State v. Radziewicz

443 A.2d 142, 122 N.H. 205, 1982 N.H. LEXIS 317
CourtSupreme Court of New Hampshire
DecidedMarch 10, 1982
Docket80-475
StatusPublished
Cited by9 cases

This text of 443 A.2d 142 (State v. Radziewicz) is published on Counsel Stack Legal Research, covering Supreme Court of New Hampshire primary law. Counsel Stack provides free access to over 12 million legal documents including statutes, case law, regulations, and constitutions.

Bluebook
State v. Radziewicz, 443 A.2d 142, 122 N.H. 205, 1982 N.H. LEXIS 317 (N.H. 1982).

Opinion

Brock, J.

After a bifurcated jury trial (see Novosel v. Helgemoe, 118 N.H. 115, 384 A.2d 124 (1978)) in the Cheshire County Superior Court, the defendant was found guilty on three counts: first-degree murder (RSA 630:1-a); robbery while armed with a deadly weapon (RSA 636:1 Ill-a); and conspiracy to commit armed robbery (RSA 629:3). The Trial Court (Wyman, J.) sentenced the defendant to life imprisonment without the possibility of parole. RSA 630:l-a III; State v. Farrow, 118 N.H. 296, 300-05, 386 A.2d 808, 810-14 (1978).

Contending that certain evidence admitted at trial was obtained through illegal searches and seizures, and that the jury observed a rifle not introduced into evidence, the defendant appeals to this court.
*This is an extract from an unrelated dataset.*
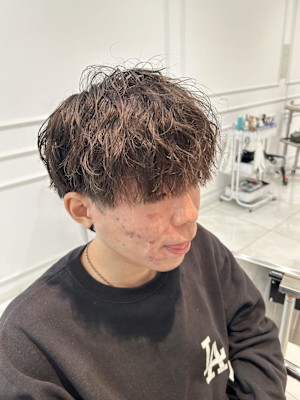 パーマメンテナンスカット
Finding no error in the proceeding below, we affirm.

During the evening of December 16, 1978, Wayne Perkins, a high school senior, was fatally wounded by a point-blank shotgun blast to his chest while working at a Sunoco gas station in Keene. Five days later, an armed robbery occurred at Romy’s Market, also located in Keene. Witnesses to the robbery reported to the police that the assailant was carrying a large-barreled gun, approximately eighteen inches long, and that the robber was in his twenties, five feet four to five feet five inches tall, of light build and wearing a plaid shirt and glasses.

It was also established that five hundred dollars was taken during the robbery, and that the robber’s speech seemed to be slurred. Other witnesses reported that the robber fled in a bluish four-door Valiant and was last seen heading east on Marlborough Street. The license plate was reported by a witness to be XG 1304. Once this information had been obtained, the police immediately broadcast a bulletin over their radio.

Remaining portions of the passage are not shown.